Der Bericht hebt hervor, dass ein erheblicher Teil dieses Anstiegs auf Scope 2-Emissionen zurückzuführen ist, die mit dem für den Betrieb bezogenen Strom zusammenhängen. Obwohl Microsoft das Ziel verfolgt, 100 Prozent seines Stromverbrauchs mit CO2-freien Quellen zu decken, hat der rasche Ausbau von Datencentern den gesamten Energiebedarf erhöht.
Dieser Trend deckt sich mit ähnlichen Berichten anderer großer Technologieunternehmen. Amazon meldete einen Anstieg seiner CO2-Emissionen um 16 Prozent, während Google einen Anstieg von 18 Prozent im letzten Jahr verzeichnete – die größte jährliche Steigerung für das Unternehmen. Diese Zahlen unterstreichen den wachsenden Energie-Fußabdruck von Datencentern.

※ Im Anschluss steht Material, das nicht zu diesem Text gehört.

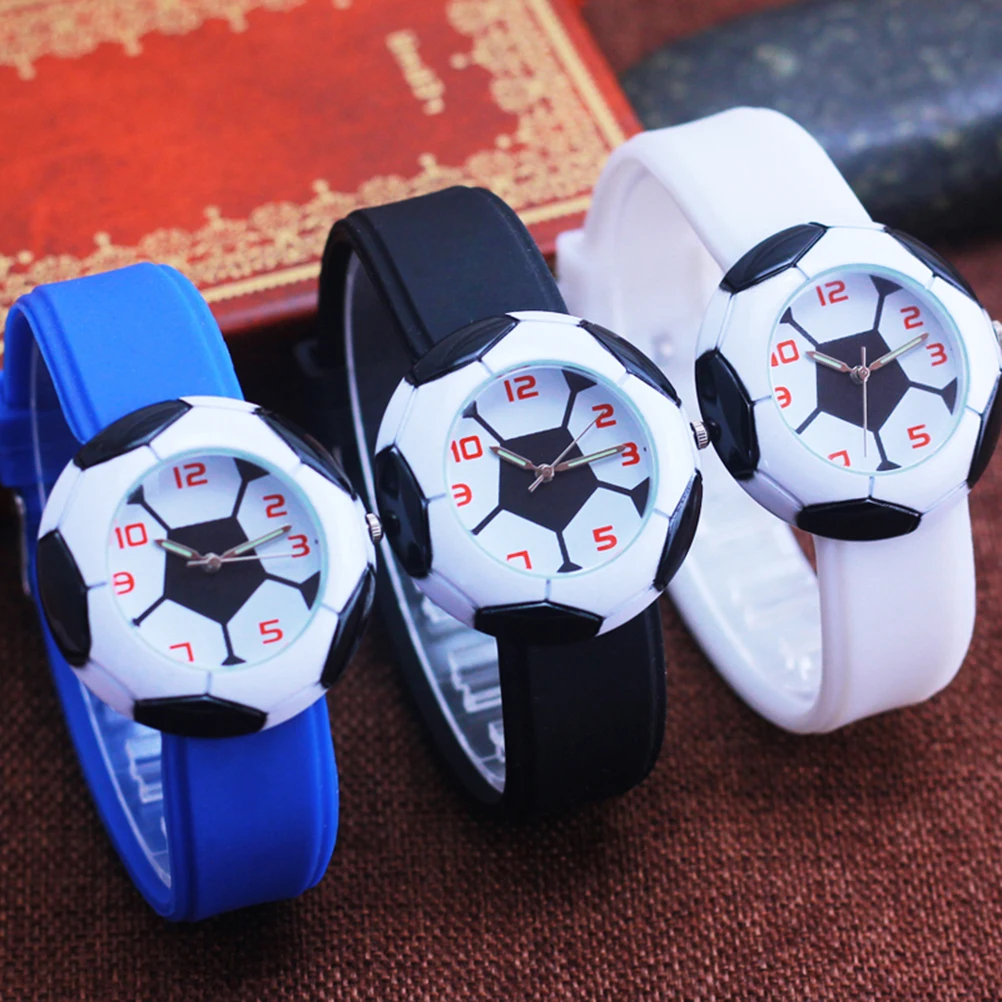 

1Pcs Kids Night Light Watch Football Pattern Silicone Quartz Cartoon Birthday Party Gifts Favor Kids Cartoon Watch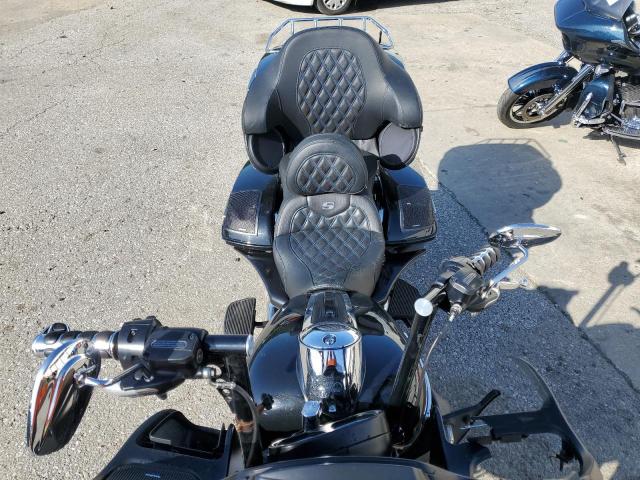 2018 HARLEY-DAVIDSON FLTRU 1HD1KGD13JB656045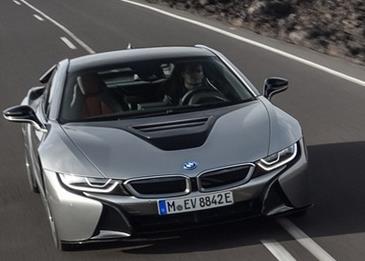 سيارة BMW i8 الهجينة تخفض سقفها في لوس أنجلوس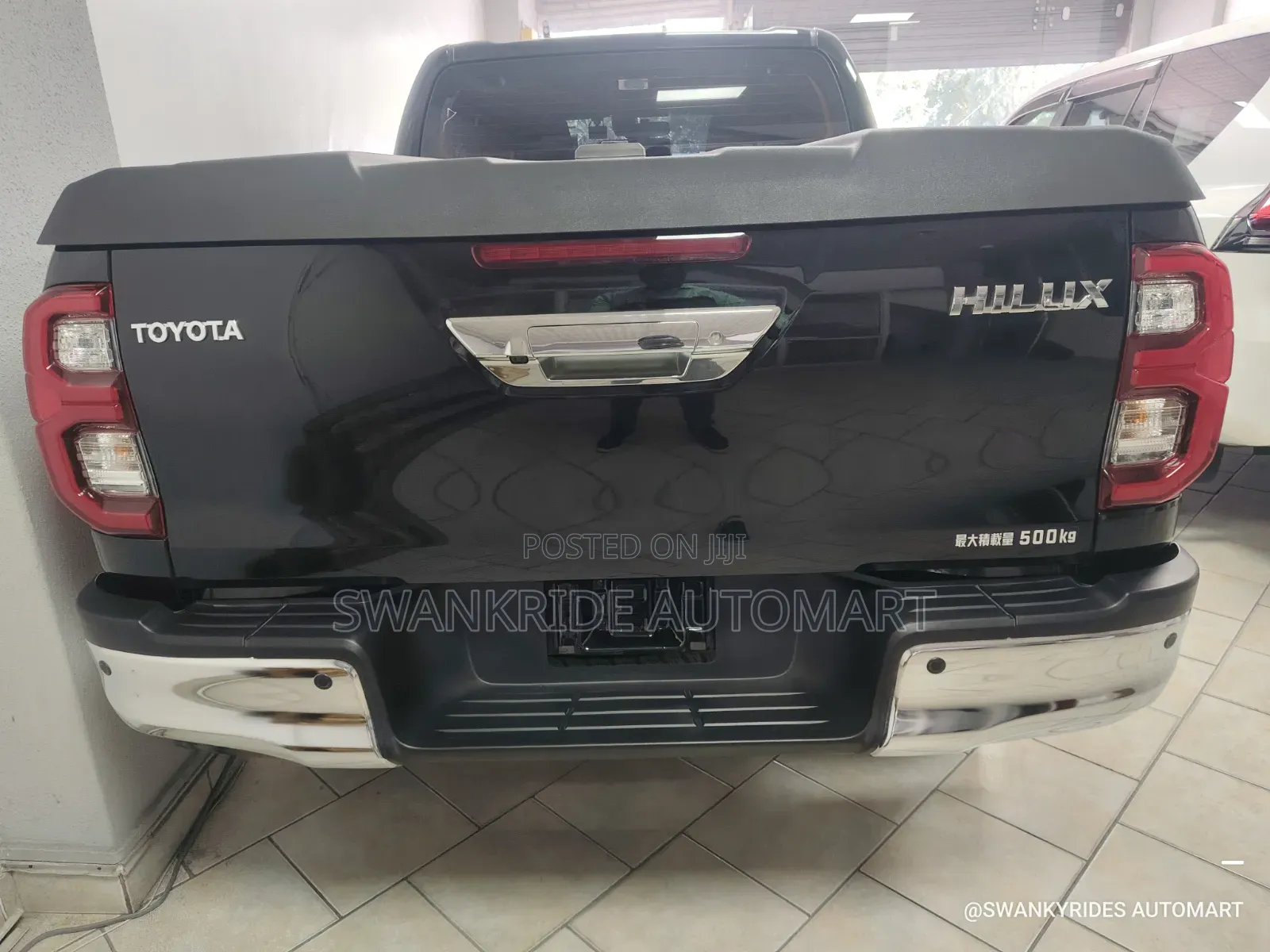 Toyota Hilux 2021 Black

Trotz des Emissionsanstiegs bekräftigte Microsoft sein langfristiges Ziel, bis 2030 CO2-negativ zu werden. Das Unternehmen gab außerdem bekannt, dass es den Kauf von „unbundled“ erneuerbaren Energiezertifikaten eingestellt hat, einer Praxis, die wegen ihres potenziell mangelnden direkten Umwelteinflusses kritisiert wird. Stattdessen konzentriert sich das Unternehmen auf Direktinvestitionen in neue Erzeugungskapazitäten für saubere Energie.